My mother, a retired social work professor, turns 70 today. I am here with her, along with my four year old daughter and my 95 year old grandmother, to celebrate her birthday and the four generations of women of our family.

Although my mother and I are both academics, our experiences as academics and mothers have been quite different. Unlike me, my mother didn’t get her PhD until her early 50s. An academic superstar in high school in the 1950s, my mother was a dutiful daughter who assumed she would marry and have a family, like her own mother. She went to an Ivy League college, but majored in home economics and married my father soon after graduation. Like many women of her generation, she worked while my father was in graduate school, but stayed home once they had children. In the early 1960s my mother worked alongside my father registering voters in Fayette County, Tennessee. However, although radicals, they never questioned my father’s role as the leader. She never expected to be suddenly in the position where she’d have to support a family, have to reinvent herself. Yet after my father left her in the early 1970s, she did. She got her MSW and became a social worker.

Growing up, mine was the only working mother I knew. And she wasn’t a professor then, but a poorly-paid social worker. She led groups for teenage mothers and facilitated meetings between incest survivors and perpetrators. Although I wanted nothing to do with that kind of work (I’d rather read Jane Austen novels, thank you), I always assumed I would have my own career, and that I would support myself.

After 15 years as a social worker, my mother decided to teach social work instead, and so she went back to graduate school to earn her PhD. As an older female graduate student, learning statistical analysis on the computer must have been intimidating, but it never occurred to me that she couldn’t do it. I used to joke that she must have jotted “finish course work” and “write dissertation” on her to-do list, and then quickly crossed them off. She completed her dissertation lickety-split and then found a tenure-track job within miles of her home. I was in graduate school myself at the time and although the job market I faced in the humanities was a bit less negotiable, my mother showed me that graduate school is a series of manageable tasks.

I never really questioned the choices she made: I guess our parents’ choices seem inevitable. It’s only later, once I became a mother too, that I realize my mother could have responded quite differently to the changes in her life.
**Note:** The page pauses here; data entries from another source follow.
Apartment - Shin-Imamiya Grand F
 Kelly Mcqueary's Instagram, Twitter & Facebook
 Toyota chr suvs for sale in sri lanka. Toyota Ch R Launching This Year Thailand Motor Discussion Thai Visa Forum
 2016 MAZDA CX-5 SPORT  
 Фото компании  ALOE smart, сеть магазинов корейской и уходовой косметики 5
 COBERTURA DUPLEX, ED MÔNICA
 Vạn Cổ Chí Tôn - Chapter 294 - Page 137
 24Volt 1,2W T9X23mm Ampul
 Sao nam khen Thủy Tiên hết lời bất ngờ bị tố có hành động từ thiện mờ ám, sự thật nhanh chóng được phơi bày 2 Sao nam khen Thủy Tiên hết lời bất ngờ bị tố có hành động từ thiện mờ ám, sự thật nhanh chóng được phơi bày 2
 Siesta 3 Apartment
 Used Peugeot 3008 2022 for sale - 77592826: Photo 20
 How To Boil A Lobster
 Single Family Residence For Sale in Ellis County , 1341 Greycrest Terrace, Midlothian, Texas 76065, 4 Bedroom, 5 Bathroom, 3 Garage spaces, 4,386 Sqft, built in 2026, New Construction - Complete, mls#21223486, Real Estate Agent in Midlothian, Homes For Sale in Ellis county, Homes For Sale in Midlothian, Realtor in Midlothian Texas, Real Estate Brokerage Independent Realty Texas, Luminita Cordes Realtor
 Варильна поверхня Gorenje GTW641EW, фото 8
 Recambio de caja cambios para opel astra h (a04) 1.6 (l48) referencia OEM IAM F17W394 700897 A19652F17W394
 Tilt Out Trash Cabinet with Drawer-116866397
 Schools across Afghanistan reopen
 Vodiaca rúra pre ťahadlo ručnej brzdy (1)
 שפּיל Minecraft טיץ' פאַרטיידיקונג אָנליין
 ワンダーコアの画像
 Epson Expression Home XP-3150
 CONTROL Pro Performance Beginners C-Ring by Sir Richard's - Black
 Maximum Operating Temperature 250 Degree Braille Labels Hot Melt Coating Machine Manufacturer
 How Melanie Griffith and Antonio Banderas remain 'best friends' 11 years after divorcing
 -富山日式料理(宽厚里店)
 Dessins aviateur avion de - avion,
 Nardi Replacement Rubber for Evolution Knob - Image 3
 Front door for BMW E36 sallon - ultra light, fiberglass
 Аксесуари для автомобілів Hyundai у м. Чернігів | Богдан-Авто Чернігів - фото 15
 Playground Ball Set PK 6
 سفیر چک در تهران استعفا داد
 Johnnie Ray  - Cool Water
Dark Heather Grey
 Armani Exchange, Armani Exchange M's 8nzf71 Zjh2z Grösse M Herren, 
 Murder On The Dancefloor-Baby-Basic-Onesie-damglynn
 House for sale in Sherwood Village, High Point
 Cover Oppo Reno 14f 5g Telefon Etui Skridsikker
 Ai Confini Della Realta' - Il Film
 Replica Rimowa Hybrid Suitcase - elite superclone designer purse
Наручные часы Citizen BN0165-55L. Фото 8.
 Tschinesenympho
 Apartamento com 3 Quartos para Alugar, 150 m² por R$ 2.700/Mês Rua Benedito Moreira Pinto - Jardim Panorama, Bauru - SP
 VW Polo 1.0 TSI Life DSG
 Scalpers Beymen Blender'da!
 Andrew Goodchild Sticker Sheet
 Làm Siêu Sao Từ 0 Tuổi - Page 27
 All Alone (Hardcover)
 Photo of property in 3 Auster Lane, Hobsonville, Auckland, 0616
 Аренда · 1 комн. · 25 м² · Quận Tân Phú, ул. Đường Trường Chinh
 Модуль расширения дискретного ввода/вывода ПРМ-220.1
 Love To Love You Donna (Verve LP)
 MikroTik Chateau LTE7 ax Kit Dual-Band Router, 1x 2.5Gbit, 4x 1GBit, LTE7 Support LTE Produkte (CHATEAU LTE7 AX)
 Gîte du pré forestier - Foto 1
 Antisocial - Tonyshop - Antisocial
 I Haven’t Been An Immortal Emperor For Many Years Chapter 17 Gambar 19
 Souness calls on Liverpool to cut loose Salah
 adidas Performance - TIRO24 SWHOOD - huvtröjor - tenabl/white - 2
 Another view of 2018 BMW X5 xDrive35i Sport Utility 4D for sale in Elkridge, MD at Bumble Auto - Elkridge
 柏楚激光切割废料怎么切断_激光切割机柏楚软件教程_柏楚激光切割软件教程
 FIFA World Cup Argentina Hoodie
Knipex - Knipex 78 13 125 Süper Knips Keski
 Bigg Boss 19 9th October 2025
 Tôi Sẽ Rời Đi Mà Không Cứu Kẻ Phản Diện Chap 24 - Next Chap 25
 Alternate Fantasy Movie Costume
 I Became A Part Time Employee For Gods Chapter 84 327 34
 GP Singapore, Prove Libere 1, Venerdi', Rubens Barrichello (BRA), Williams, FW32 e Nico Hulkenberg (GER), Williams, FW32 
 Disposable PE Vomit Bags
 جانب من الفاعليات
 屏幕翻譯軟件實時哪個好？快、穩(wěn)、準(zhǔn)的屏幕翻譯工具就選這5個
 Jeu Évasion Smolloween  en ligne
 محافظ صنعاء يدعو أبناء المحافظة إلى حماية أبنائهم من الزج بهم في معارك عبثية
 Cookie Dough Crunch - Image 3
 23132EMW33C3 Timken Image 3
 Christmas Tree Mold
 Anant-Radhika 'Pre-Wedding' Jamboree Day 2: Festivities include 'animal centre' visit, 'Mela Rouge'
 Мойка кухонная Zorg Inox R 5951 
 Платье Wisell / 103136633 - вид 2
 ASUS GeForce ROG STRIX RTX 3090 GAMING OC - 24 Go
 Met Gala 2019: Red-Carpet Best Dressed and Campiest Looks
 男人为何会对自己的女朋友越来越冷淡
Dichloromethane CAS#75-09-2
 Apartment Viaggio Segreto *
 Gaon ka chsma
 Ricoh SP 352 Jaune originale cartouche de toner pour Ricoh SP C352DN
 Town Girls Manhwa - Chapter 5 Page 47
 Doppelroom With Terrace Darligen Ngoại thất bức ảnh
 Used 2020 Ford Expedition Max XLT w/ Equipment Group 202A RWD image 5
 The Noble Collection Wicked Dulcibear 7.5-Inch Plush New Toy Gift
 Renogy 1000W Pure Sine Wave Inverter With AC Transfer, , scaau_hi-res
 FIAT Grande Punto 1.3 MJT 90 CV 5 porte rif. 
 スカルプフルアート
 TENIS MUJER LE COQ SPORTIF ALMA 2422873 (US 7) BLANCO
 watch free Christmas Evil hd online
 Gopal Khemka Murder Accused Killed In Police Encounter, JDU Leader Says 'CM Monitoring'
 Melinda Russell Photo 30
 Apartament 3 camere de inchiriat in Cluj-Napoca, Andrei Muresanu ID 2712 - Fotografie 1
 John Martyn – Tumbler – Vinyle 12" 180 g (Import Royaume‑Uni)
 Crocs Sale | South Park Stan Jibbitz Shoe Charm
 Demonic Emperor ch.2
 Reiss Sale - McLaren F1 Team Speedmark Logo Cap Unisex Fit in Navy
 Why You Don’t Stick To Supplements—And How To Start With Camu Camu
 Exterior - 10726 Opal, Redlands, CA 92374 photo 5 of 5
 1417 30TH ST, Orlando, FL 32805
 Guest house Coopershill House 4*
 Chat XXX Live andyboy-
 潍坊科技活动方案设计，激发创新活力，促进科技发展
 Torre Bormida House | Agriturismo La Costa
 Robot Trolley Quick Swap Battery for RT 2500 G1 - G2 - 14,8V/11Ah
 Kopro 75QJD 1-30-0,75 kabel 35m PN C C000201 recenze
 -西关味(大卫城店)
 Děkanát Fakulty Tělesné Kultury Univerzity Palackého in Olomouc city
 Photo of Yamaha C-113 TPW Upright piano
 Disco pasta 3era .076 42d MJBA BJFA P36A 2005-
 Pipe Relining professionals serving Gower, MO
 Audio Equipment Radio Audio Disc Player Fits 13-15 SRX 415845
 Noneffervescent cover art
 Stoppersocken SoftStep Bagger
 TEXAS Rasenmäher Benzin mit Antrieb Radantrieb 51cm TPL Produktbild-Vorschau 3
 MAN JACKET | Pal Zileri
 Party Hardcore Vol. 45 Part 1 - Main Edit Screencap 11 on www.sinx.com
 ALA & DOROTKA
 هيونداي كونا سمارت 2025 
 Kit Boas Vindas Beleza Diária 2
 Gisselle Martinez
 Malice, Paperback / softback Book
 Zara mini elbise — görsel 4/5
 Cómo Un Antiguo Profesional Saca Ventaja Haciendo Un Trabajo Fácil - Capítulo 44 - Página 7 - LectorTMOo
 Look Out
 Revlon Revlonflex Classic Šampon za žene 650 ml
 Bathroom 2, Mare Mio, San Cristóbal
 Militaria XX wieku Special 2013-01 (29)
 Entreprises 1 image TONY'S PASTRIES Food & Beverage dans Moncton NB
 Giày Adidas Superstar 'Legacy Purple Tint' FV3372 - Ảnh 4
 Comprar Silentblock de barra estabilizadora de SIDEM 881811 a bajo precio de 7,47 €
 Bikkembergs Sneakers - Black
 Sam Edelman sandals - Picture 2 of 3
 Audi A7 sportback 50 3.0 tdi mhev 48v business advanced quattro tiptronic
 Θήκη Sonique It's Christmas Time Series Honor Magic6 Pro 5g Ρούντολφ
And it occurred to me, for the first time, that this hyper-competent woman might have been afraid. Afraid that she might not be able to manage it all. What I remember as occasional harshness – her telling me, “you can’t be sick today, I have to work” -- was probably panic. And her inability, at times, to be emotionally present, was the other side of her focus on what had to be done.

I don’t know how much I’m like my mother; Who does? Unlike my mother, I waited until after I had my career firmly in place before I started a family. (Incidentally, it was my grandmother, herself a homemaker, who helped support me through graduate school, proud of my degrees and never once asking me when I would get married!) But if I am a calmer, less rushed, more emotionally present mother, it’s because I know I can take care of myself, that I’m strong, capable, and equal to any task. This my mother gave me.